It’s been a fabulous century already for the Data Science industry with a majority of startups growing by innovating and selling Artificial Intelligence products.
While most of these startups are mostly selling AI software and solutions, there are a handful of others who are doing a coveted job, at least on the research, development, and manufacturing are concerned.
Let’s discover the underlying science and market forces driving the Artificial Intelligence Hardware industry in 2020-2029.
AI hardware: Integrated Processors/ Semiconductors
AI hardware is used today in PCs, virtual machines (VMs), mobile phones, gaming consoles, and everything that you can define under the Internet of Things or connected devices.
Digital architecture and automated networking systems need faster processes to make sense of all the AI algorithms. AI semiconductors are specifically created to ‘think’ about themselves and run on unsupervised cognitive intelligence.
The story of the semiconductor industry with AI at the core is very different from what it was for the linear computing models of the 90s or before.
Tools in AI Semiconductor family
Integrated Solutions such as simulation consoles, voice recognition sensors, vision control and capturing, camera sensors, drone automation, robotic arms, and fiber optics cables.
Very much connected to the processor family of hardware, AI accelerators are a special category of hardware machines that accelerate the adoption and application of AI operations.
These are mostly systems within AI frameworks that coordinate simultaneous computing and storage operations to optimize the interface between input and output.
Top AI accelerator tools include-
- Logic devices– CPU, GPU, and ASIC
- FPGA– developed in the middle 90s, Field Programmable Gate Array-based AI accelerators are the powerhouse driving machine learning and deep learning with programmable circuits.
- Memory and Storage
- Supercomputers, like IBM Summit and IBM Sierra.

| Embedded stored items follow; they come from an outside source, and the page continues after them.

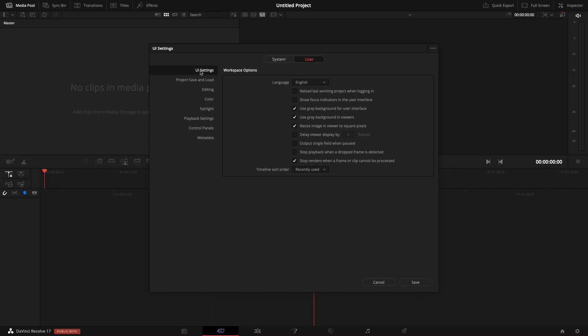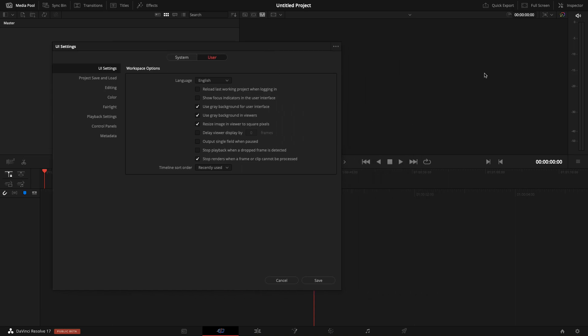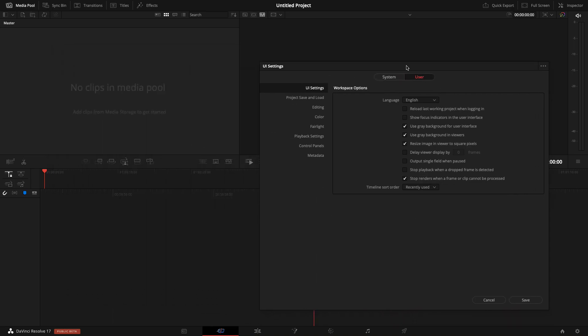What you're looking for is 'Use Gray Background for User Interface.' That little checkbox will solve all your problems. It comes unchecked by default. 'Use Gray Background in Viewers' - that's these viewers here. But by default, this whole workspace is just a weird purple.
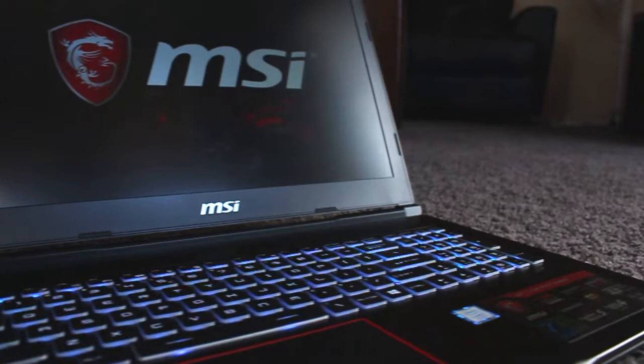The GE63VR Raider is a gaming laptop from MSI featuring NVIDIA's 1070 graphics with a 120Hz screen, so let's see if it's worth buying.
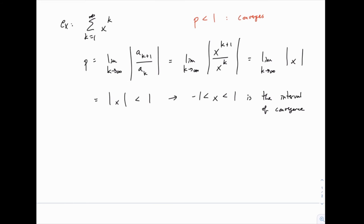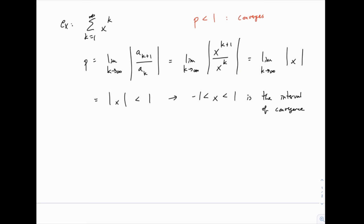When p equals 1 the test is inconclusive, so we know the series converges for all x between negative 1 and positive 1, and diverges for all x outside that range. But we don't yet know whether it converges or diverges when x equals 1 or negative 1. Because the ratio test is inconclusive when |x| = 1, we have to test those endpoints separately. With all these problems you'll set up the ratio test, get an interval, and then check what happens at the boundaries.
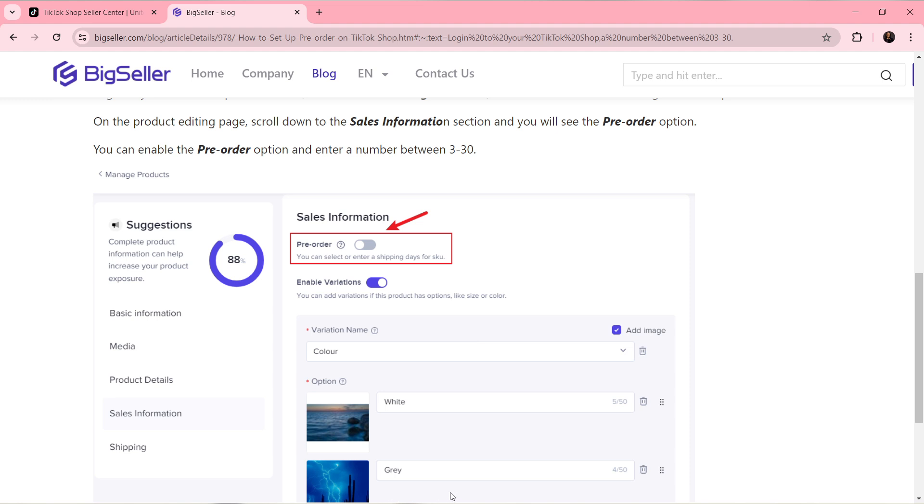Once you do that, that's just going to be it, and you'll be able to enable or put the pre-order on TikTok Shop. Go through this tutorial from top to bottom to get acquainted with the steps, and once you're done you'll be good to go. I hope this video helped your search.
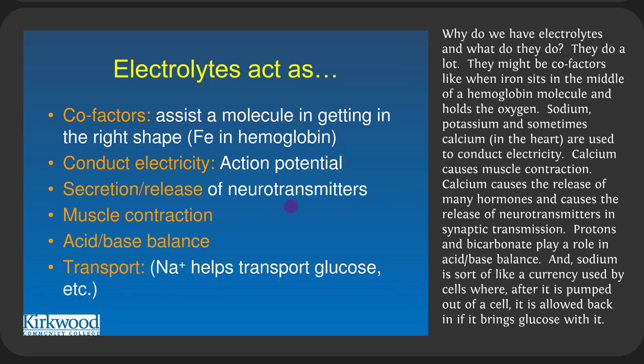Why do we have electrolytes and what do they do? They may be cofactors — like iron sitting in the middle of a hemoglobin molecule holding oxygen. Sodium, potassium, and sometimes calcium are used to conduct electricity, so in neurons sodium and potassium carry signals from one end to the other. In the heart, calcium also participates in conduction. Calcium is often called the 'on switch' because it does so much: it causes muscle contraction, triggers release of hormones and neurotransmitters. When sperm meets egg, calcium waves go across the egg to set up polarity so the cell can start dividing into different types.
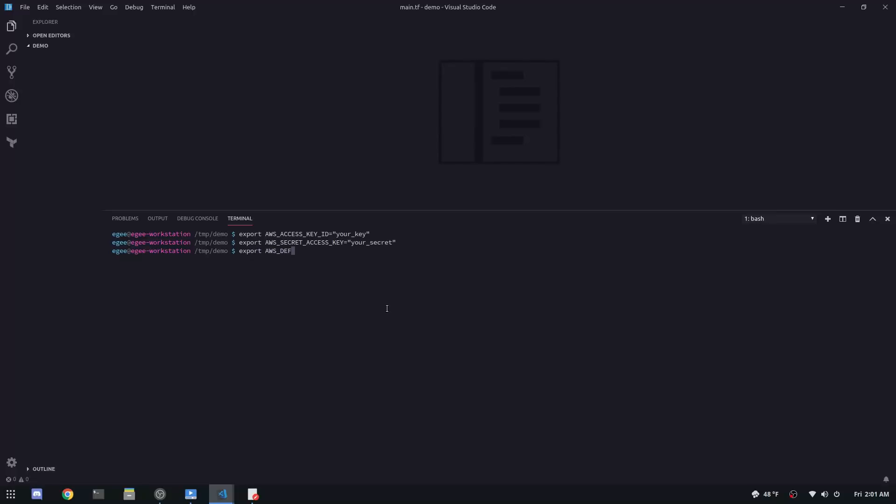You'll also need to choose your default region and we're going to take all three of those values, the access key ID, the secret access key, and the default region, and we're going to make them environment variables.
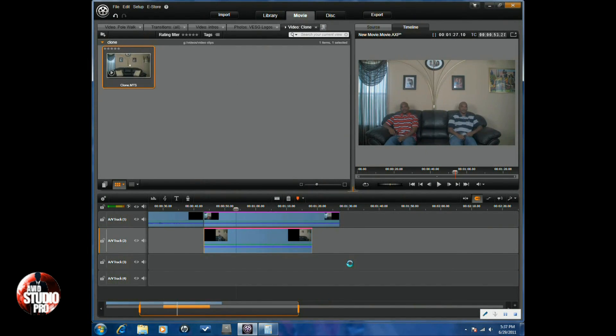So there you have it, how to clone yourself in Avid Studio. Thanks for watching and we'll see you again soon.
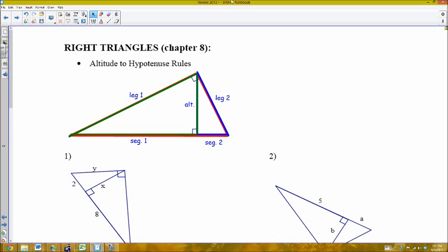We've covered a lot of information about right triangles, so I'm going to go a little bit quick. Feel free to rewind or pause as needed. First, we're going to look at similarity within right triangles.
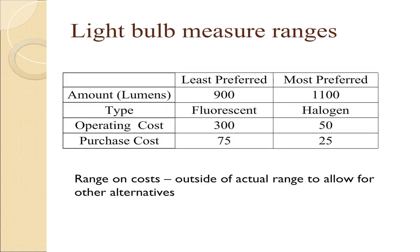In the data on the previous slide, notice the operating costs actually range from 65 to 285. But when we input the measures, we typically like to have a nice round number to allow for the possibility there might also be a value that's added later on, another alternative that's outside that range. So instead of 65 to 285 for operating costs, we use the range of 50 to 300.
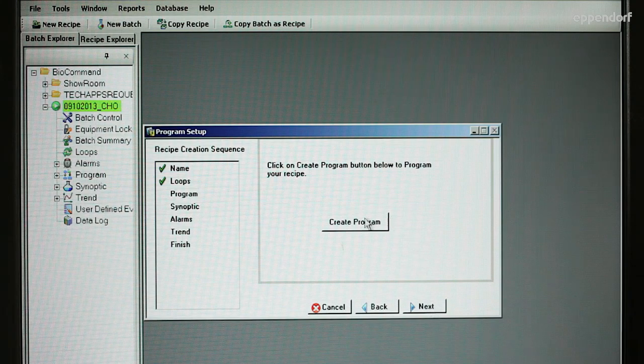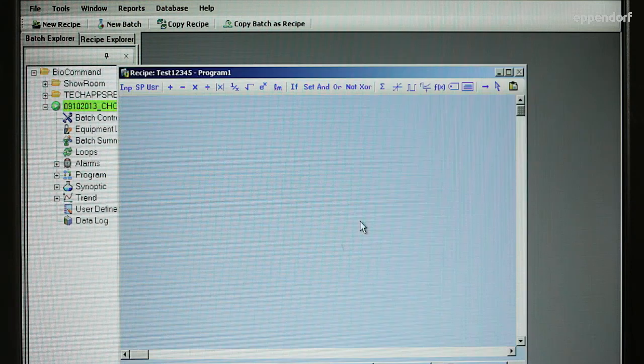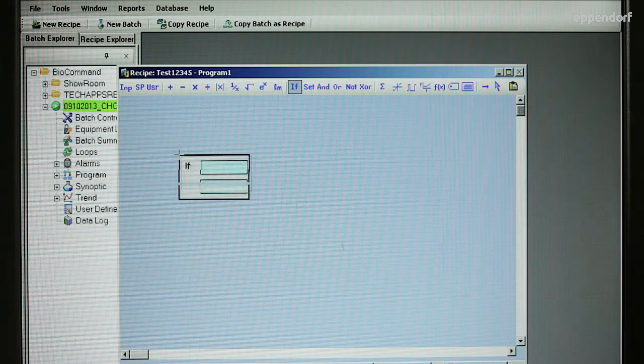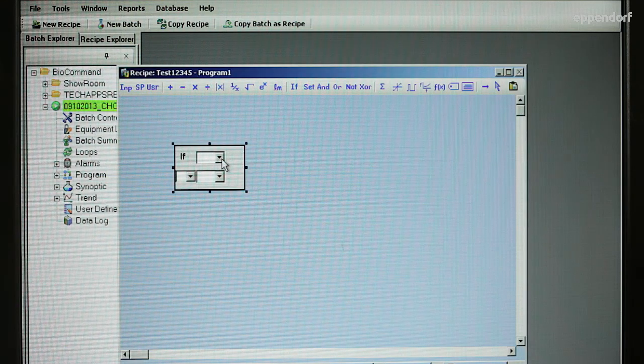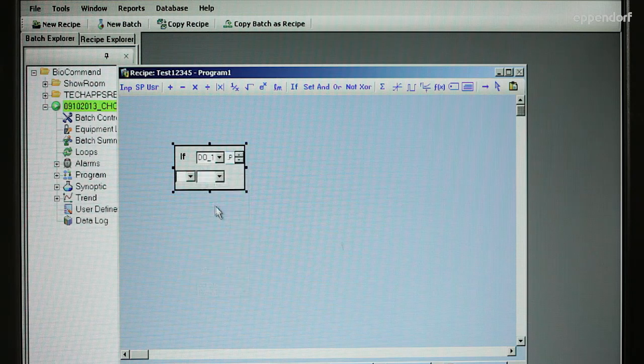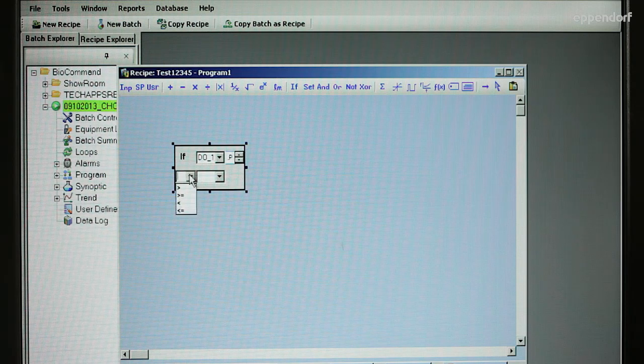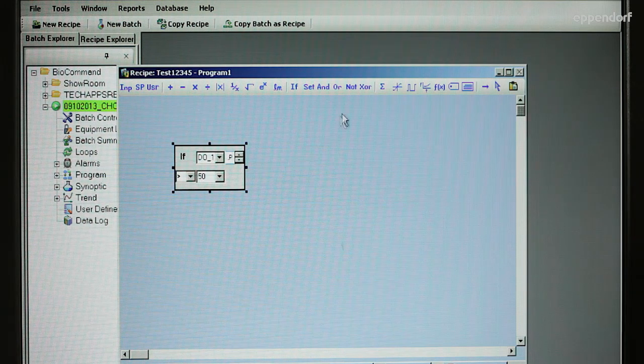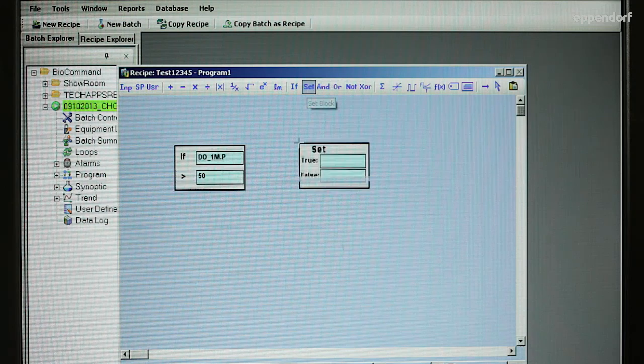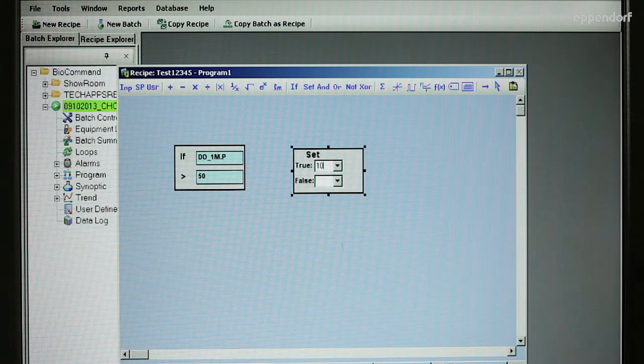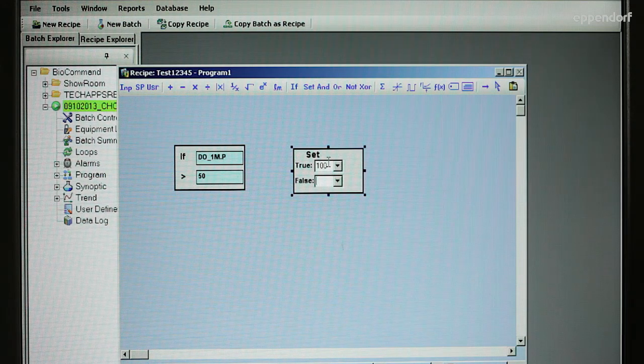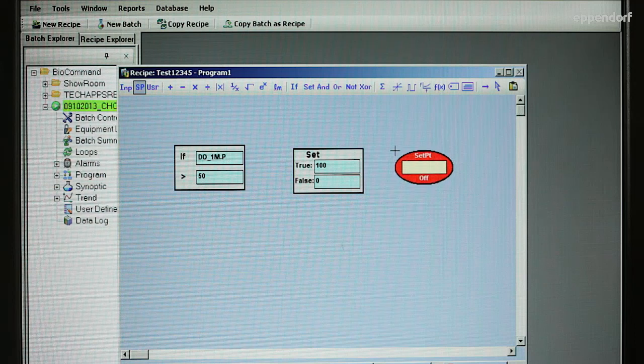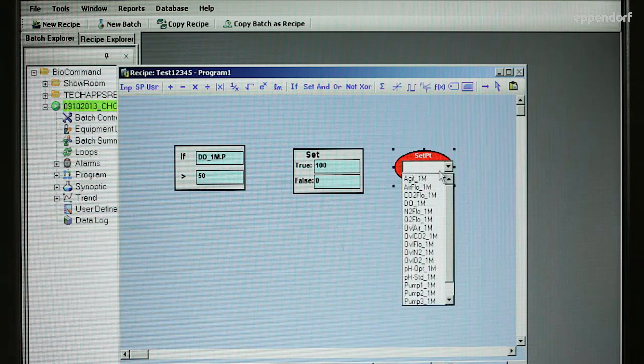Click on Create Program to create a program for your process. BioCommand has powerful programming tools that can alter setpoints automatically at specified times or when specified culture conditions are met. Users can create programs using functional blocks which include logical, mathematical, and user-defined functions or advanced visual basic programming.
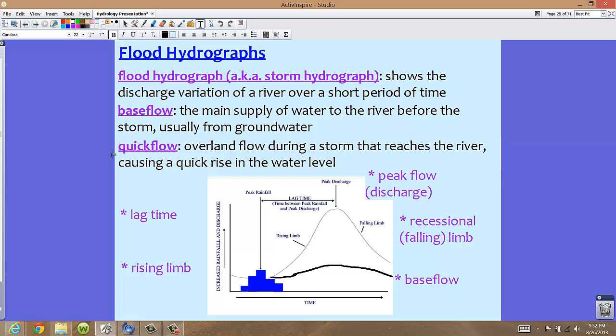We also see something called quick flow. Quick flow is overland flow on the surface during a storm that reaches the river and causes a quick rise in the water level. Quick flow really increases the water level pretty fast. We also see something called peak flow, which we'll talk about in just a moment.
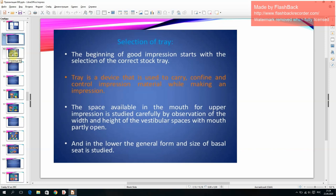Selection of trays: good impressions begin with selection of the correct stock tray. A tray is a device used to carry, confine, and control impression material while making an impression. The space available in the mouth for the upper impression is studied by observing the width and height of the vestibular spaces with mouth partly open; in the lower, the general form and size of the basal seat is studied.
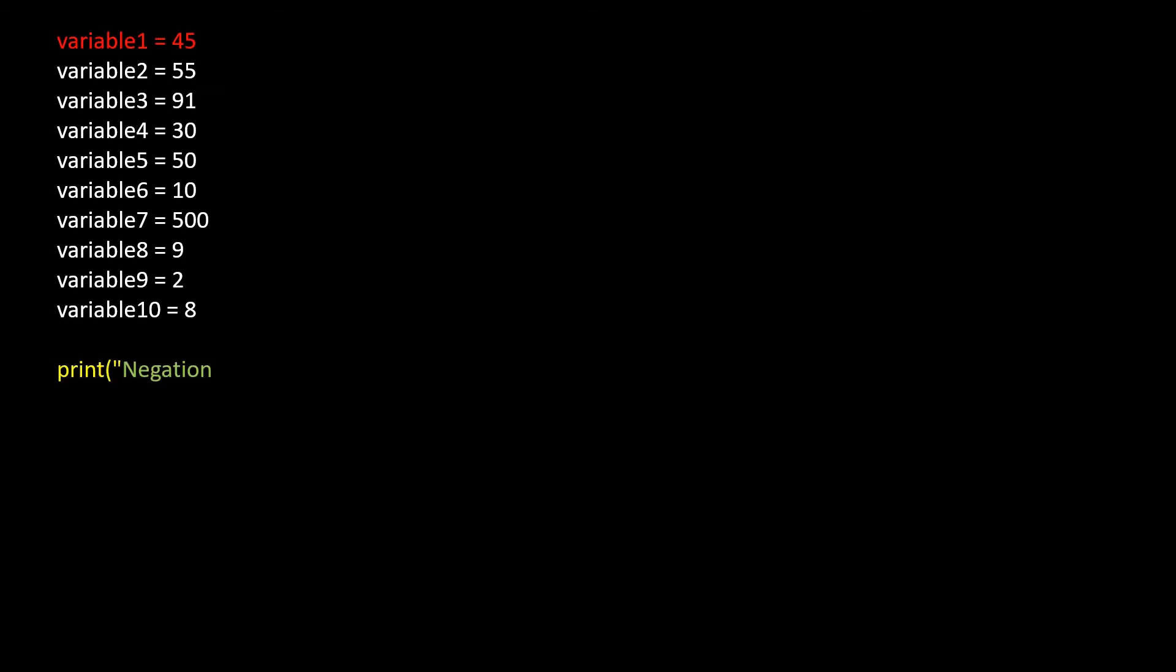Now let's take print function and perform negation of variable 1. Using the print function, perform addition of variable 1 and variable 2.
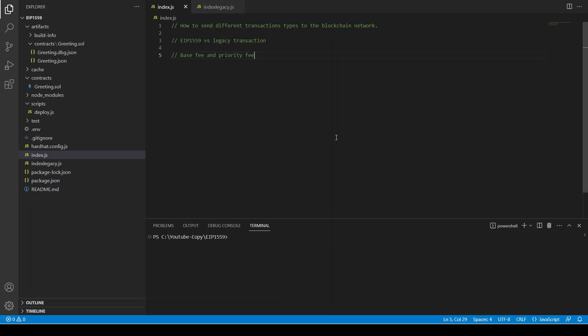Welcome back. In this video we are going to see how we can send transactions to the blockchain network for different transaction types — type 0 (legacy) and type 2 (EIP-1559). In the legacy transaction we just have one gas fee which is required to execute the function, and the user pays it to the miner to put the transaction in the blockchain network.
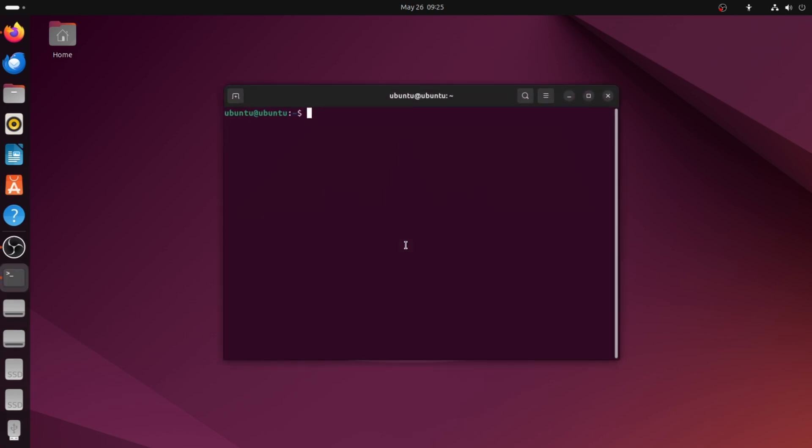Step 1: Open your terminal. Press CTRL + ALT + T on your keyboard, or open it from the menu.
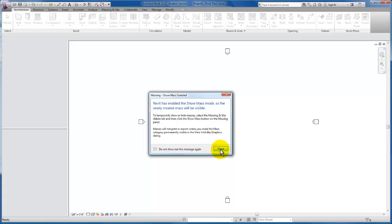By default, mass forms are not visible in the project environment of Revit. So what Revit is letting me know by this long message is that the mass will be visible. It's actually going to turn that mode to show masses on.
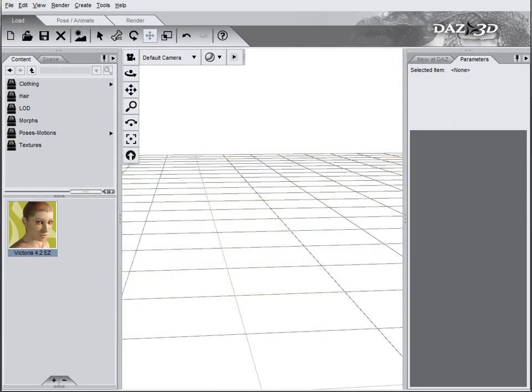Hello and welcome to Geekatplay Studio tutorial. In this tutorial I want to look at the application bridge between DAZ Studio and Hexagon.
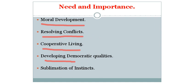Sublimation of instincts: Value education sublimates and redirects our sex instinct into desirable and healthy channels. It influences all aspects of human life and society of which he is a part. It develops in people the desired social awakening.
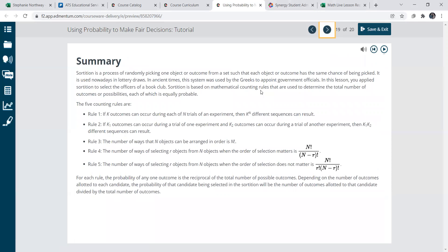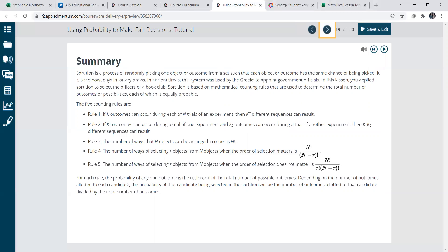And here are the different rules, so we have rule one: if K outcomes can occur during each of N trials of an experiment, then K to the N different sequences can result. Rule two: if K1 outcomes can occur during a trial of one experiment, and K2 outcomes can occur during a trial of another experiment, then K1 times K2 different sequences can result.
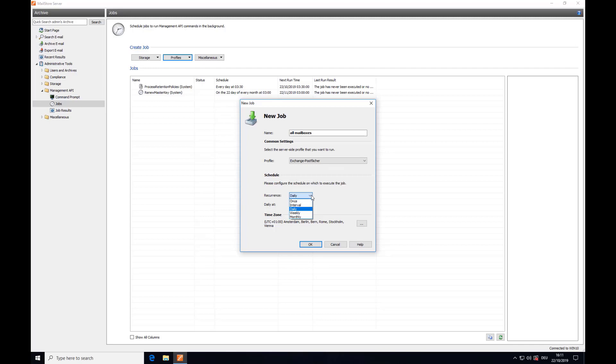Before you do this however, please make sure that you have set the archiving profiles under Archive Emails to Manual.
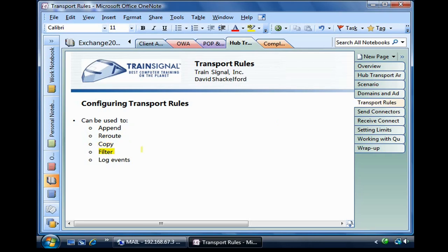They can continue on their normal route, but they can have a copy saved or sent somewhere. Messages can be dropped, deleted, or archived, or pulled out of circulation based on certain criteria, including sender, recipient, or subject. And lastly, transport rules can be written to log certain events if certain things happen.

- AR VR, like Oculus, Samsung Gear SM-R322, Live Planet, Nintendo Labo VR, and so on.
On-Chip AI Memory Hardware
In the third decade of the 21st century, AI applications can’t be bogged down by the persistent challenges in low-speed CPU, delimited Processing performance, and so on.
The solution to all these lies with the high-performance in-chip AI memory tools that are able to accurately predict and tune memory systems to deliver performance and bandwidth based on the output required.
AI edge chips are dominating every innovation coming to the center of the Hybrid Storage ecosystem. AI chips are advanced processors that are expensive to manufacture and difficult to train. These are classified as follows:
- SRAM: Static Random Access Memory
- DRAM: Dynamic Random Access Memory
With new silicon and system engineering shaping the AI hardware industry, it’s a great time to chase down the best Artificial Intelligence Course and build the future-ready AI systems with Flex Logix, IBM, NVIDIA, BrainChip, Syntiant, Ambient and so on.
Without the right hardware, none of the present AI projects would make any sense. AI hardware is much bigger, more complex, and more exciting than the software and Cloud-based industry which also remains the biggest marketplace.
It’s a multi-billion dollar economy after all!